Outstanding Seamus! You're getting pretty good at this :biggrin:


----------



## G1Pens (Oct 2, 2011)

Looks fantastic. Sounds like a really cool pen.


----------



## seamus7227 (Oct 3, 2011)

D.Oliver said:


> That is going to be awesome!  I can't wait to see it either.





dalecamino said:


> Outstanding Seamus! You're getting pretty good at this :biggrin:





G1Pens said:


> Looks fantastic. Sounds like a really cool pen.




THANKS!!!! I will be sure to post all blank pictures with their respective coin threads that i create! That should make it easier to find later


----------



## BSea (Oct 4, 2011)

Seamus is making this quarter cast for me.  Actually for me to make a pen for my father.  He's from Montana, and grew up right outside Glacier Park.  So I contacted Seamus to discuss him making a cast of the Glacier Park quarter.  One thing led to another, and we decided to use both quarters in a long click pen.

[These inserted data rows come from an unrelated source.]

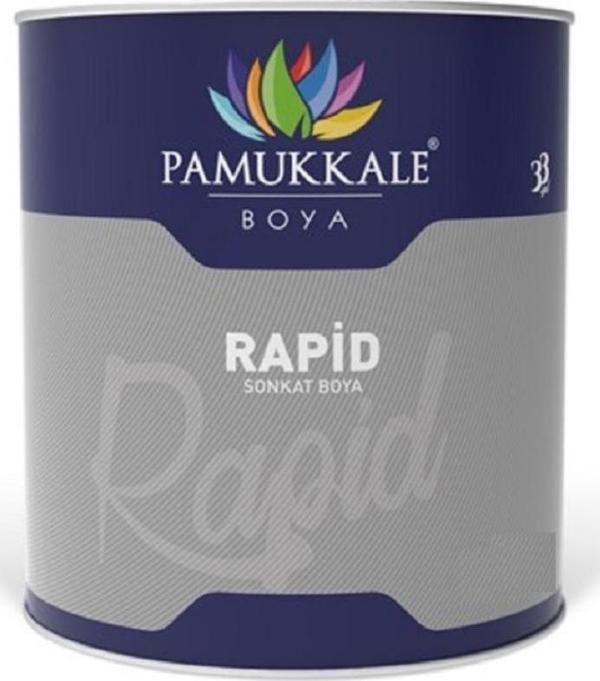 Pamukkale 1453 Rapid Boya 15 Kg Antrasit Gri Ral 7016 - Image 1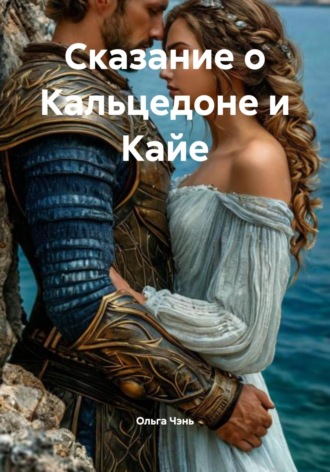 Обложка книги «Сказание о Кальцедоне и Кайе»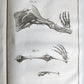 1753 MEDICAL TREATISE ILLUSTRATED ANATOMY by Francois PLANQUE antique V. 4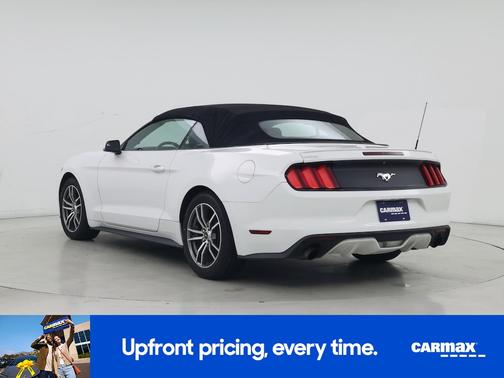 White 2016 Ford Mustang Ecoboost Premium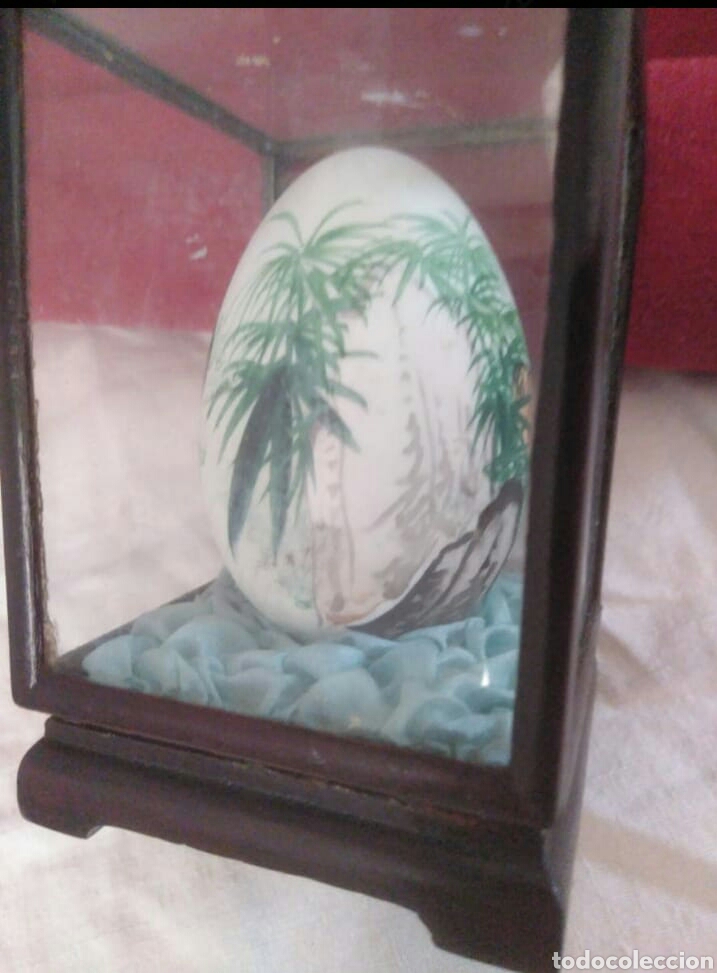 Artesan&iacute;a: Huevo pintado a mano - Foto 3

I'll be sure & post pictures one it's done.


----------



## RSQWhite (Oct 4, 2011)

Seamus why must you continue to shame us?
Tim (from swat)


----------



## mtgrizzly52 (Oct 5, 2011)

BSea said:


> Seamus is making this quarter cast for me.  Actually for me to make a pen for my father.  He's from Montana, and grew up right outside Glacier Park.  So I contacted Seamus to discuss him making a cast of the Glacier Park quarter.  One thing led to another, and we decided to use both quarters in a long click pen.
> 
> I'll be sure & post pictures one it's done.



Bob,

I live 20 miles from Glacier National Park in Whitefish, MT. I am also one of a rare group that is a true Montana native, having lived here from the moment of conception  Oh My did I really say that? *LOL*

I'm just curious if your Dad still lives around here or has he moved out of the area. If he's still in the area, I want to go drool all over what is going to be a beautiful pen! 

Rick (mtgrizzly52)


----------



## el_d (Oct 5, 2011)

Looks good Seamus, Cant wait to see those coins on a long click. There's not much meat there....


----------



## markgum (Oct 5, 2011)

amazing work.


----------



## BSea (Oct 5, 2011)

mtgrizzly52 said:


> BSea said:
> 
> 
> > Seamus is making this quarter cast for me.  Actually for me to make a pen for my father.  He's from Montana, and grew up right outside Glacier Park.  So I contacted Seamus to discuss him making a cast of the Glacier Park quarter.  One thing led to another, and we decided to use both quarters in a long click pen.
> ...


Hi Rick,

My Dad was career airforce.  He left Montana at the end of WW2 to become a pilot.  He's retired in San Marcos Texas, and I don't think he's been back to Montana since just after he retired in 1979.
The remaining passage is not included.